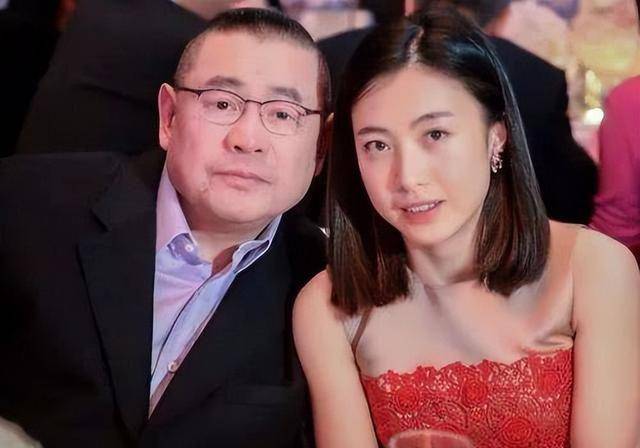 和周星驰成好友,骂刘銮雄是"肥佬",甘比从小记者做到豪门阔太_感觉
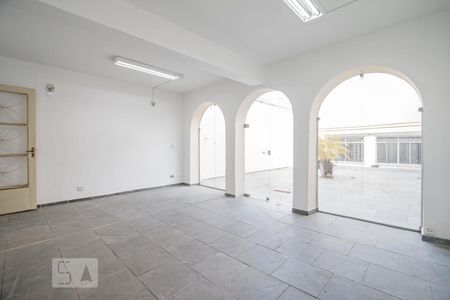 Casa à venda com 342m², 3 quartos e 2 vagasSalão 1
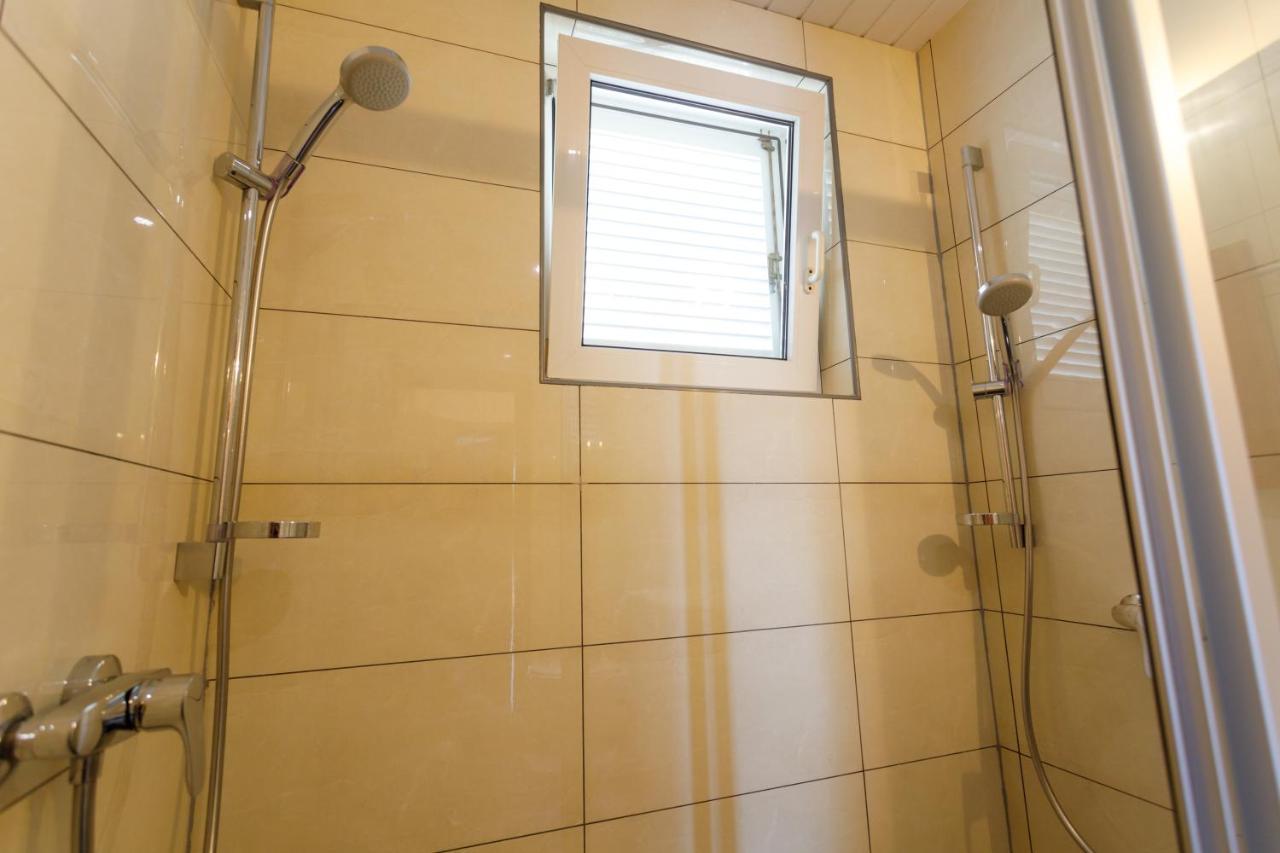 Apartments Lacic Krk Town Kültér fotó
◆ ◆ ◆ ◆ ◆
**AIM OF THE TASK:** A verbatim copy of the material is needed; pictures are not to appear in it.

**RESULT OF THIS TASK:**
 和周星驰成好友,骂刘銮雄是"肥佬",甘比从小记者做到豪门阔太_感觉
 Casa à venda com 342m², 3 quartos e 2 vagasSalão 1
 Apartments Lacic Krk Town Kültér fotó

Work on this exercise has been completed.